Mężczyzna, który miał wykonać feralny przelew zorientował się, że popełnił "czeski błąd", wpisując kwotę 1257,30 zł zamiast 1275,30 zł. Wykonał również kolejną operację, wpłacając tym razem brakującą kwotę, powiększoną o 30 proc., aby dokonać tzw. samoukarania. Niestety okazało się, że PFRON nie był usatysfakcjonowany.

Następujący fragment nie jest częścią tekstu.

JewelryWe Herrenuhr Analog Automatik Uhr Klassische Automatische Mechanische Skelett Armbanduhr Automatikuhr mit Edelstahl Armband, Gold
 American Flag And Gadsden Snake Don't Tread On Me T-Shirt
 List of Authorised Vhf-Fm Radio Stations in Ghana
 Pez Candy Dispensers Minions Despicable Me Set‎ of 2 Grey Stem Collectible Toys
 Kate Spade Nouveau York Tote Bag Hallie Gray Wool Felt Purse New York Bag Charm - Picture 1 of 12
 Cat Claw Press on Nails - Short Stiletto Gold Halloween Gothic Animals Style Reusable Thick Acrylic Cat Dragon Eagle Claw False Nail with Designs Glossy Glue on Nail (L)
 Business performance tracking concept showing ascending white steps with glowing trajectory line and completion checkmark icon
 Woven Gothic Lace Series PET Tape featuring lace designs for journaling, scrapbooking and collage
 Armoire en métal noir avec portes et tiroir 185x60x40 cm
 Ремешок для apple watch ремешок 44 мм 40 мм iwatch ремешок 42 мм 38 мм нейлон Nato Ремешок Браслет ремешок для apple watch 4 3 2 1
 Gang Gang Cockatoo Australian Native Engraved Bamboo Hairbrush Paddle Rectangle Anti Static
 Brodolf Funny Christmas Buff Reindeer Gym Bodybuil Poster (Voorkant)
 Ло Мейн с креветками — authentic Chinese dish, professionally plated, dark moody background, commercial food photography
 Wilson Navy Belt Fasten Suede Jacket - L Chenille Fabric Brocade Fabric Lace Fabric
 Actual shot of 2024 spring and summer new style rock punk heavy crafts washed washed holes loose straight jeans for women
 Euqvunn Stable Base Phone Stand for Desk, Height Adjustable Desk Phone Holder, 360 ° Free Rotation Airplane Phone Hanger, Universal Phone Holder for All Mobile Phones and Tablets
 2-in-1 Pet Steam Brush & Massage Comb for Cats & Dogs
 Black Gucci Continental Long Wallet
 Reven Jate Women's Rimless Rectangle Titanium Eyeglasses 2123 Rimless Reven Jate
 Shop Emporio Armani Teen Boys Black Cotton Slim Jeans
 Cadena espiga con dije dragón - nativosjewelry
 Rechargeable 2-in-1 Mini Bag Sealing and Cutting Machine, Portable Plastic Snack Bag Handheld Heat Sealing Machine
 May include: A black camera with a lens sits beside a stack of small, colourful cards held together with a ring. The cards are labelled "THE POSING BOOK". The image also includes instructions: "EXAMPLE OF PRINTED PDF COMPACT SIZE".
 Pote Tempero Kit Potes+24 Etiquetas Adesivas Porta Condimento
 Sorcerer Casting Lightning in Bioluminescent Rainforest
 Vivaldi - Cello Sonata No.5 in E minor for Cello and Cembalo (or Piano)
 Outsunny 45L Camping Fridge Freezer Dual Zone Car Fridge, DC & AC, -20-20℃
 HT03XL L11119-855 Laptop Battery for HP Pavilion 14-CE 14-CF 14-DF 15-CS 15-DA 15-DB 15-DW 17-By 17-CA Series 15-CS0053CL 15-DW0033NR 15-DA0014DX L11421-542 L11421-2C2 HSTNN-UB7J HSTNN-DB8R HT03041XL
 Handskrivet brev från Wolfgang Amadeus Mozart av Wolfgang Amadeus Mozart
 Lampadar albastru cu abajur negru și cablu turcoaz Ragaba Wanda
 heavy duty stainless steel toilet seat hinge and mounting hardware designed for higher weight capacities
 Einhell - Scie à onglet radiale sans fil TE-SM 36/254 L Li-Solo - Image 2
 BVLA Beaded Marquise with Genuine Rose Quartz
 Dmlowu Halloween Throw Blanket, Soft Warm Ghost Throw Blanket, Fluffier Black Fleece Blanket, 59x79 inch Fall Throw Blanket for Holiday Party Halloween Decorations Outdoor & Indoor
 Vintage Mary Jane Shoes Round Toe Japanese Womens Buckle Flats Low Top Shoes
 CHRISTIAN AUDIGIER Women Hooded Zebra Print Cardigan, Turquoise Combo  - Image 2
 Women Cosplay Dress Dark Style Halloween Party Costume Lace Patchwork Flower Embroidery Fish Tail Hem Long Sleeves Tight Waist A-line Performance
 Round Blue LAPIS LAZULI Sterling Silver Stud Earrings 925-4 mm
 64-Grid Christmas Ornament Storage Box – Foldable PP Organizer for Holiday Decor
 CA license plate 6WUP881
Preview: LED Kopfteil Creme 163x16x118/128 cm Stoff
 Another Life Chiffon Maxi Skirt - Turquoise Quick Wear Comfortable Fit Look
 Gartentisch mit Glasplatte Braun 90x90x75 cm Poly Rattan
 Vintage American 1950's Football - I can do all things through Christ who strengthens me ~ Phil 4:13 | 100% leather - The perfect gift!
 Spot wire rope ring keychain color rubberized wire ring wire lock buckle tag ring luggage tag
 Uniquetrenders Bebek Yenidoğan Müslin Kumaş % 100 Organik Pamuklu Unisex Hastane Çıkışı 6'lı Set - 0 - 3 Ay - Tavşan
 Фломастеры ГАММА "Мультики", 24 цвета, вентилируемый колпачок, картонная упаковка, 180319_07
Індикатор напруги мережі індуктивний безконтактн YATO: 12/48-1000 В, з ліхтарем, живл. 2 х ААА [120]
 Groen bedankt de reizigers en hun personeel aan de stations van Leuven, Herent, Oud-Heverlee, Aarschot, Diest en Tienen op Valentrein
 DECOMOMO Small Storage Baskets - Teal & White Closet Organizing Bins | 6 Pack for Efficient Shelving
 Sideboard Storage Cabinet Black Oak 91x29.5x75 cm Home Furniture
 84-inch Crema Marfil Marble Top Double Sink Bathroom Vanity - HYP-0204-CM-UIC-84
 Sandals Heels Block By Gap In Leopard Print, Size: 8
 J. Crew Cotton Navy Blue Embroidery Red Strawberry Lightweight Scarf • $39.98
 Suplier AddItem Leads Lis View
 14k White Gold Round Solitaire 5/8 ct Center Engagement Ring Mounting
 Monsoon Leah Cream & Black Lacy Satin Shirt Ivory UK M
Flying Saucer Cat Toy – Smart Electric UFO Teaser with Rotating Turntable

Zwrot dotacji w ramach kary
Pech chciał, że po pewnym czas doszło do kontroli przedsiębiorstwa, zatrudniającego osoby niepełnosprawne. Przedstawiciele funduszu dopatrzyli się rzeczonego błędu. Pomimo uzupełnienia wpłaty, postanowili ukarać firmę, nakazując jej właścicielowi zwrotu dotacji na kwotę ponad 100 tys. zł, dodatkowo żądając pokrycia również odsetek w wysokości blisko 20 tys. zł. Przedsiębiorstwo wezwane do zapłaty gigantycznej kwoty, skierowało odwołanie do prezesa PFRON, jednak ten nie odstąpił od wcześniej wydanej decyzji.
Zadecyduje sąd
Ponieważ próby tłumaczenia przed samym funduszem nie przyniosły skutku, a kwota sporu jest niebagatelna, firma postanowiła skierować sprawę do Wojewódzkiego Sądu Administracyjnego w Warszawie. Przedstawiciele przedsiębiorstwa zatrudniającego głównie osoby niepełnosprawne, opisując zaistniałe zdarzenie, wyjaśnili również, że nie miały wcześniej miejsca żadne uchybienia, które mogłyby wskazywać na celowe działanie pracownika. Do czasu wyjaśnienia PFRON wstrzymał dotacje dla zakładu.
Jest szansa na wygraną
Zdaniem wielu prawników, jeżeli nie zajdą inne okoliczności, sąd może stwierdzić nieważność tej decyzji, jeżeli uzna, że została ona wydana z rażącym naruszeniem prawa. Możliwe jest zatem, że sprawa znajdzie swoje pozytywne zakończenie. Jeśli wymiar sprawiedliwości podtrzyma opinię prezesa PFRON, to może to być jedna z najdroższych pomyłek w historii.